DATA UNDER STUDY
.....

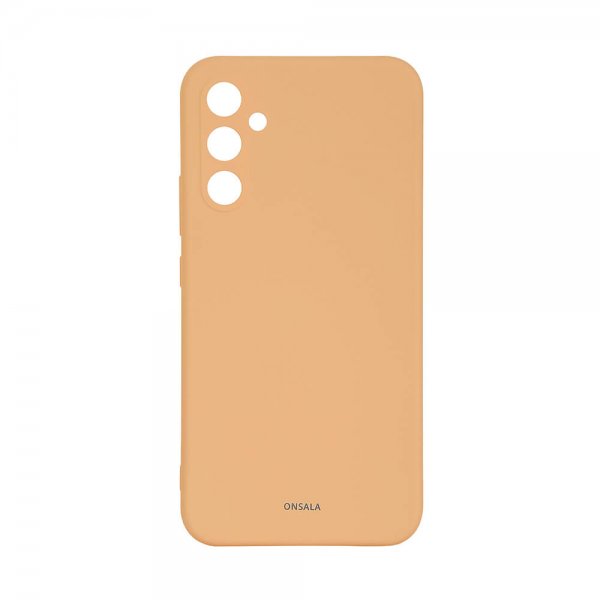 Onsala Samsung Galaxy A35 Skal Silikonkänsla Apricot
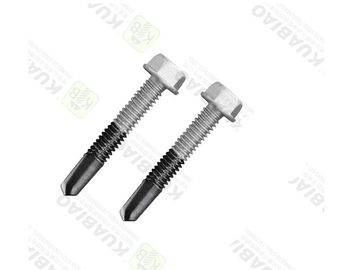 ซื้อ สแตนเลสสตีลโลหะเจาะตัวเองสกรูหัวหกเหลี่ยมเกลียวเต็ม online manufacture
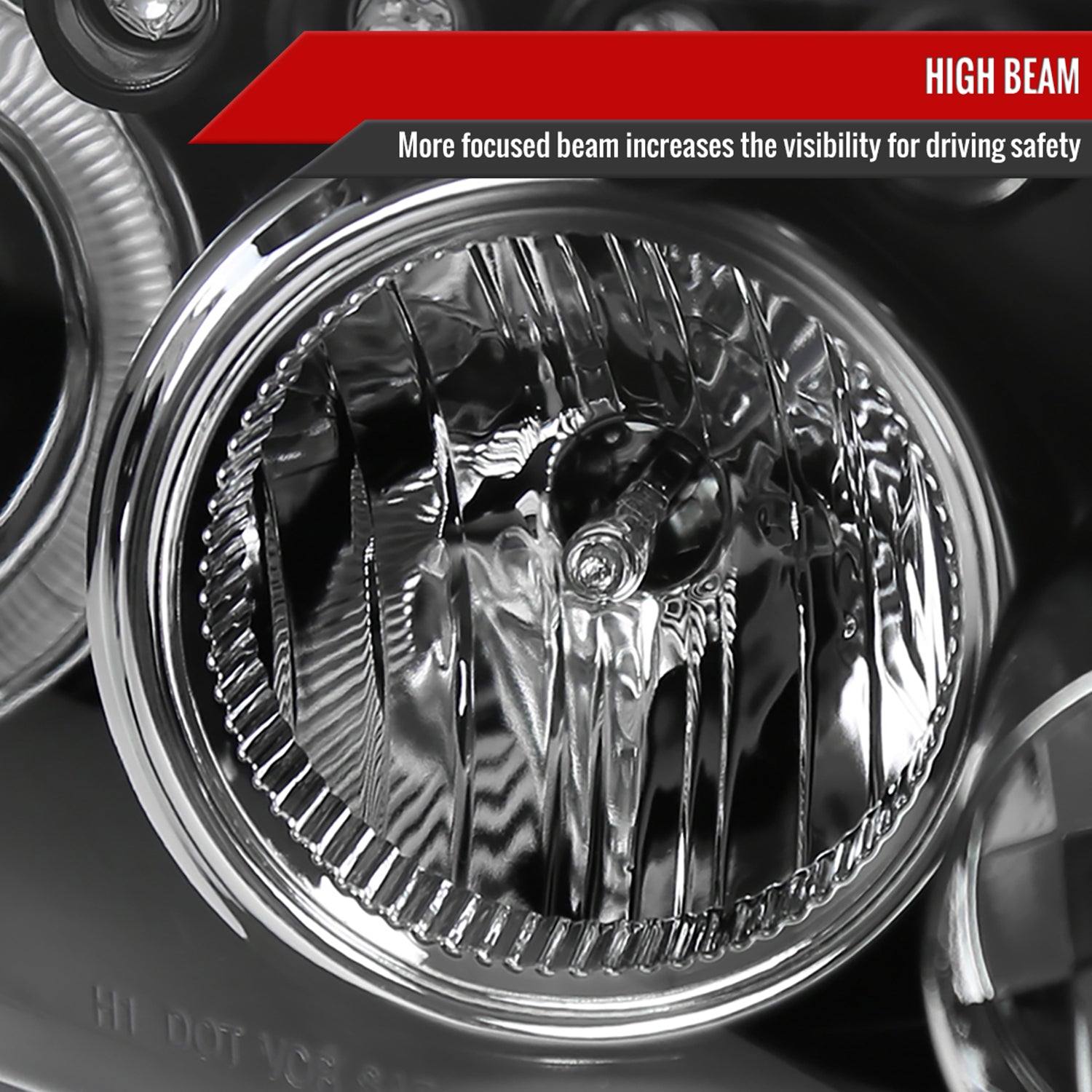 2008-2010 Scion xB Single Halo Projector Headlights Matte Black/Clear Lens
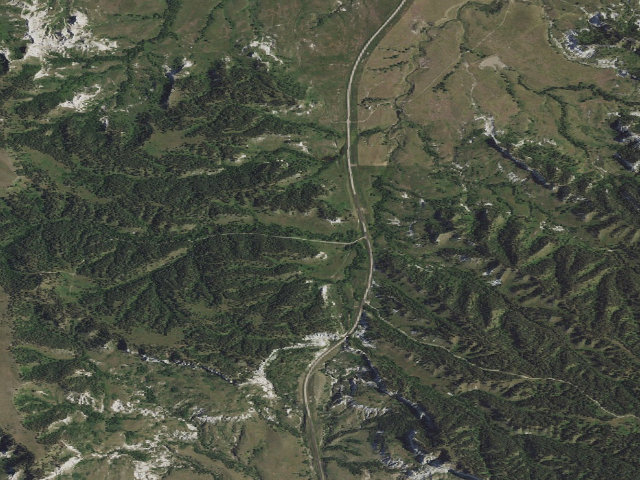 Aerial image of South Divide Rd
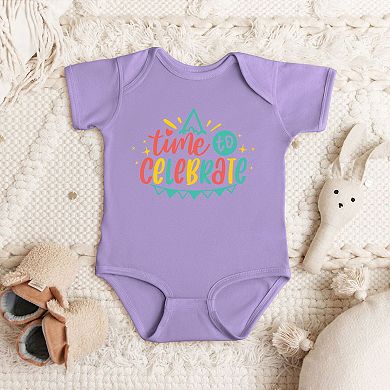 Time To Celebrate Baby Bodysuit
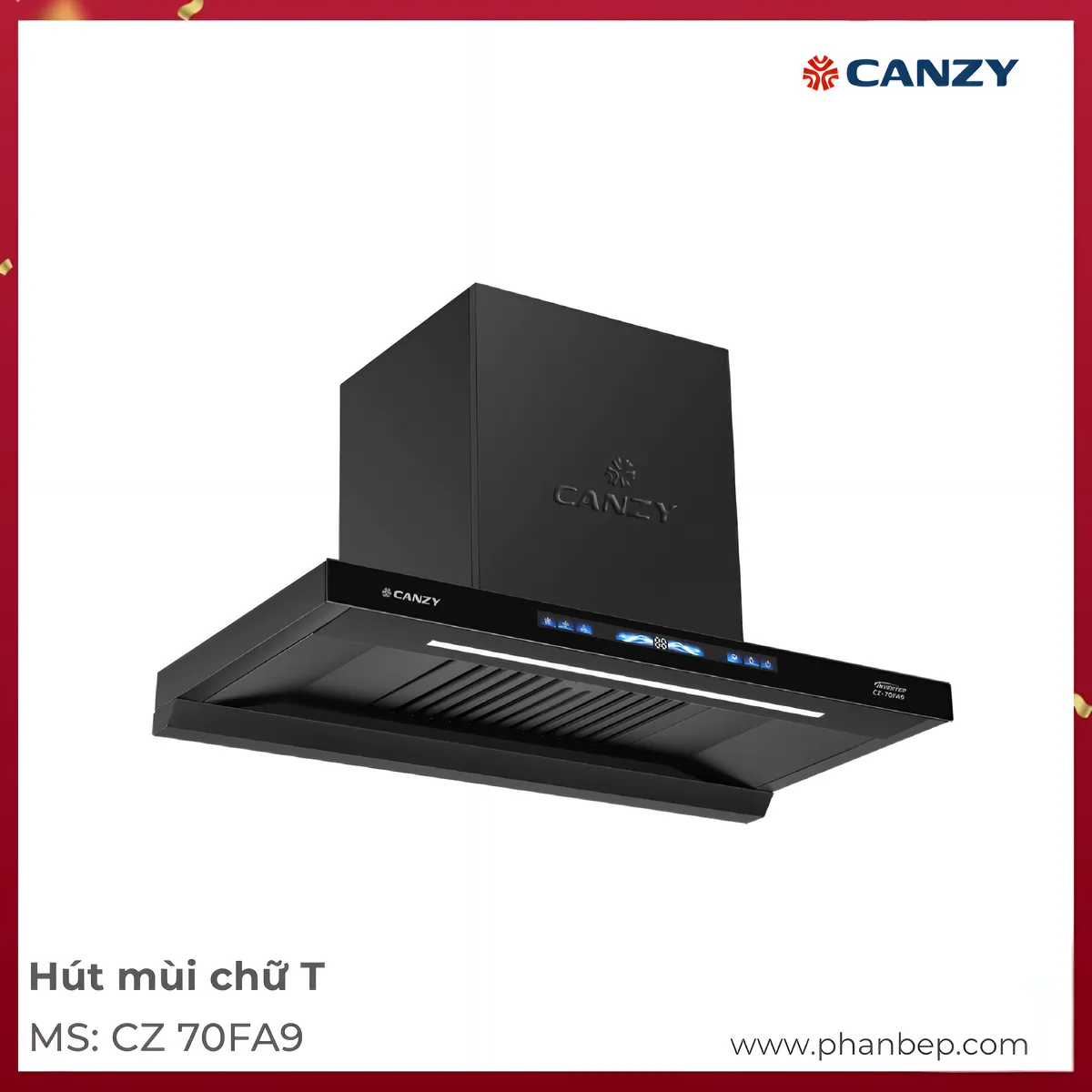 Máy Hút Mùi Áp Tường Canzy Cz 70Fa9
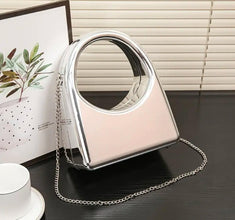 1pc elegant Women's crossbody bag, wear-resistant acrylic material square bag, simple and versatile, lipstick envelope, mobile phone bag, suitable for a variety of occasions.
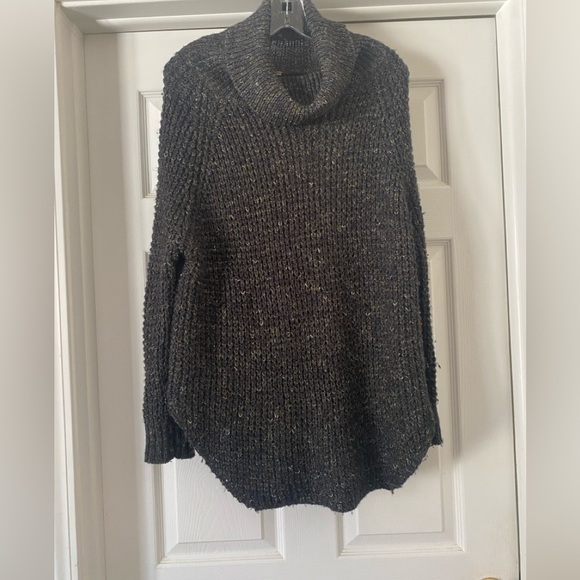 Free People oversized knit Dylan tweedy sweater - Picture 3 of 5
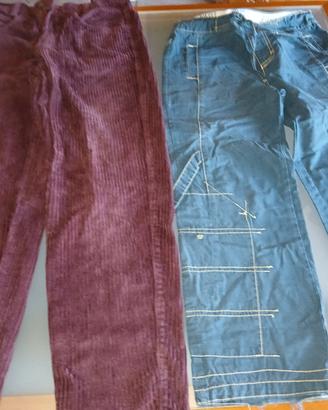 2 paia di pantaloni ragazzo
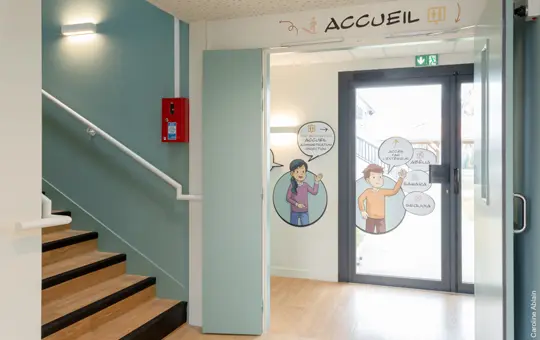 Vue accueil — Maison des enfants, Pornic — Nolwenn Kevell, architecte d’intérieur — vue 2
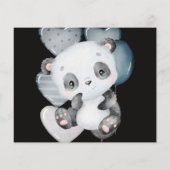 Verlangt Baby | Baby Panda | KAART BABY SHOWER (Achterkant)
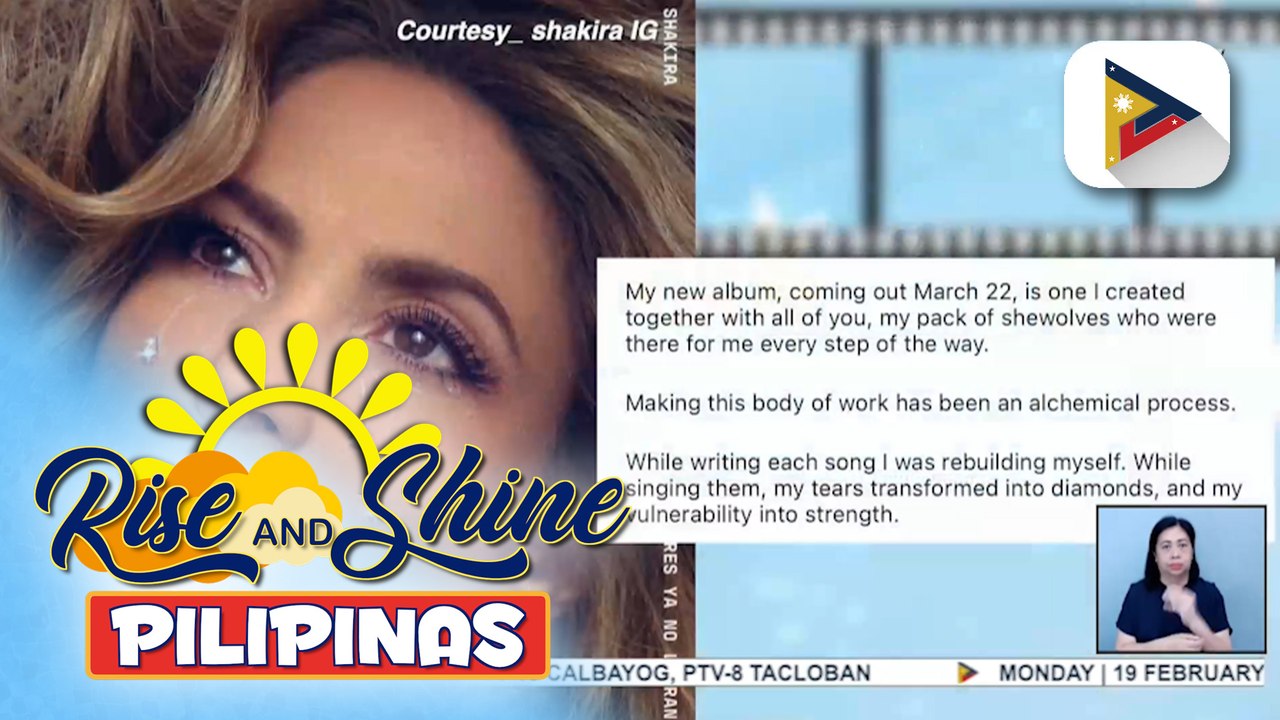 TALK BIZ | Shakira, magre-release ng bagong album sa March 22!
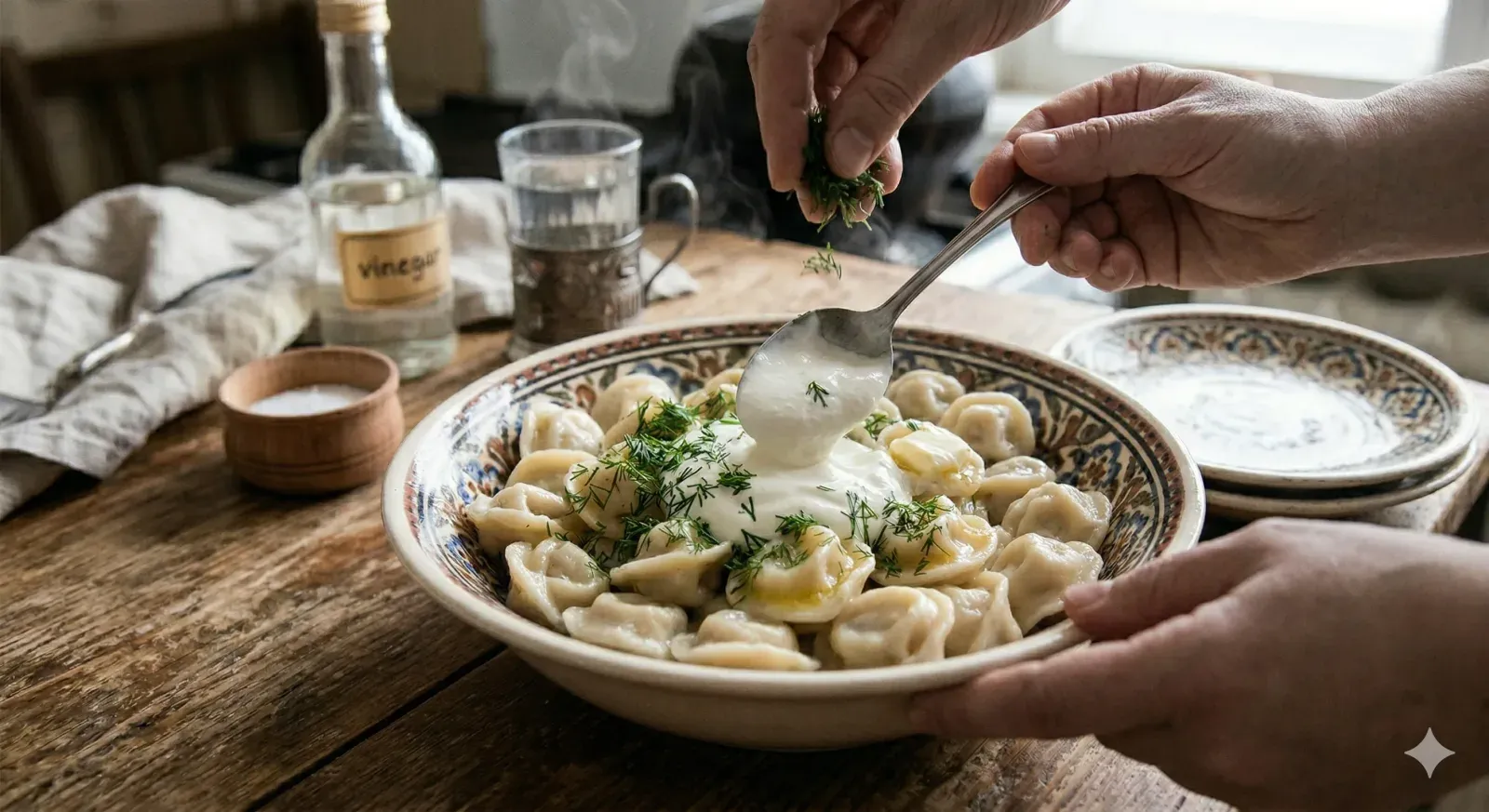 Step 6: Serve the Pelmeni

.....

WORK TASK
Repeat the listing above verbatim, but exclude the pictures it contains.

SOLUTION BELOW
 Onsala Samsung Galaxy A35 Skal Silikonkänsla Apricot
 ซื้อ สแตนเลสสตีลโลหะเจาะตัวเองสกรูหัวหกเหลี่ยมเกลียวเต็ม online manufacture
 2008-2010 Scion xB Single Halo Projector Headlights Matte Black/Clear Lens
 Aerial image of South Divide Rd
 Time To Celebrate Baby Bodysuit
 Máy Hút Mùi Áp Tường Canzy Cz 70Fa9
 1pc elegant Women's crossbody bag, wear-resistant acrylic material square bag, simple and versatile, lipstick envelope, mobile phone bag, suitable for a variety of occasions.
 Free People oversized knit Dylan tweedy sweater - Picture 3 of 5
 2 paia di pantaloni ragazzo
 Vue accueil — Maison des enfants, Pornic — Nolwenn Kevell, architecte d’intérieur — vue 2
 Verlangt Baby | Baby Panda | KAART BABY SHOWER (Achterkant)
 TALK BIZ | Shakira, magre-release ng bagong album sa March 22!
 Step 6: Serve the Pelmeni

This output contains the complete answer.